▸ **Exercise instructions**
Set all the entries down again, unaltered.

Data entries:
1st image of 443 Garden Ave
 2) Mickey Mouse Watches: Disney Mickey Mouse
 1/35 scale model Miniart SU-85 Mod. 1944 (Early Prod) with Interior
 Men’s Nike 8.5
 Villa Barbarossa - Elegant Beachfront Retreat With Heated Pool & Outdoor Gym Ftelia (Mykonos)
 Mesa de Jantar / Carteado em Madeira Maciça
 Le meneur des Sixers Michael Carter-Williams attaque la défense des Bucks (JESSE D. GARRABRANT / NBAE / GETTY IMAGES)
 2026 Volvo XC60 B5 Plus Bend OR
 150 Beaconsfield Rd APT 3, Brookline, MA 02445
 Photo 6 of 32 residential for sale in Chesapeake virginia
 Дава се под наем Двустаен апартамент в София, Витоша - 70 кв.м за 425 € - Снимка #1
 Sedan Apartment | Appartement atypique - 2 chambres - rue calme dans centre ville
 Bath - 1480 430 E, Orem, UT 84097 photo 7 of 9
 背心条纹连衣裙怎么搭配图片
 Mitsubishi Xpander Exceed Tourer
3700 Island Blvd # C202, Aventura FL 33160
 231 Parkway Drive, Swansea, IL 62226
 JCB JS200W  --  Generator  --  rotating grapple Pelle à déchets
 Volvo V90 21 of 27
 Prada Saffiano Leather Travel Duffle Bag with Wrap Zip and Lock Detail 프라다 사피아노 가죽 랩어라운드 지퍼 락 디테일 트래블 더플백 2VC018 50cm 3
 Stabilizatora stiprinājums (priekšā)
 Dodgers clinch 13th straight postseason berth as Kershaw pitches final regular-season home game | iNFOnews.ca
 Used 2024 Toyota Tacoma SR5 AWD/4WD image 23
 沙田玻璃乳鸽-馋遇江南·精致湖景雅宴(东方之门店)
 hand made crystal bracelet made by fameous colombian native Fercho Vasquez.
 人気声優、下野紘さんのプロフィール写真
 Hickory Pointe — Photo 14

▸ **Solution**
1st image of 443 Garden Ave
 2) Mickey Mouse Watches: Disney Mickey Mouse
 1/35 scale model Miniart SU-85 Mod. 1944 (Early Prod) with Interior
 Men’s Nike 8.5
 Villa Barbarossa - Elegant Beachfront Retreat With Heated Pool & Outdoor Gym Ftelia (Mykonos)
 Mesa de Jantar / Carteado em Madeira Maciça
 Le meneur des Sixers Michael Carter-Williams attaque la défense des Bucks (JESSE D. GARRABRANT / NBAE / GETTY IMAGES)
 2026 Volvo XC60 B5 Plus Bend OR
 150 Beaconsfield Rd APT 3, Brookline, MA 02445
 Photo 6 of 32 residential for sale in Chesapeake virginia
 Дава се под наем Двустаен апартамент в София, Витоша - 70 кв.м за 425 € - Снимка #1
 Sedan Apartment | Appartement atypique - 2 chambres - rue calme dans centre ville
 Bath - 1480 430 E, Orem, UT 84097 photo 7 of 9
 背心条纹连衣裙怎么搭配图片
 Mitsubishi Xpander Exceed Tourer
3700 Island Blvd # C202, Aventura FL 33160
 231 Parkway Drive, Swansea, IL 62226
 JCB JS200W  --  Generator  --  rotating grapple Pelle à déchets
 Volvo V90 21 of 27
 Prada Saffiano Leather Travel Duffle Bag with Wrap Zip and Lock Detail 프라다 사피아노 가죽 랩어라운드 지퍼 락 디테일 트래블 더플백 2VC018 50cm 3
 Stabilizatora stiprinājums (priekšā)
 Dodgers clinch 13th straight postseason berth as Kershaw pitches final regular-season home game | iNFOnews.ca
 Used 2024 Toyota Tacoma SR5 AWD/4WD image 23
 沙田玻璃乳鸽-馋遇江南·精致湖景雅宴(东方之门店)
 hand made crystal bracelet made by fameous colombian native Fercho Vasquez.
 人気声優、下野紘さんのプロフィール写真
 Hickory Pointe — Photo 14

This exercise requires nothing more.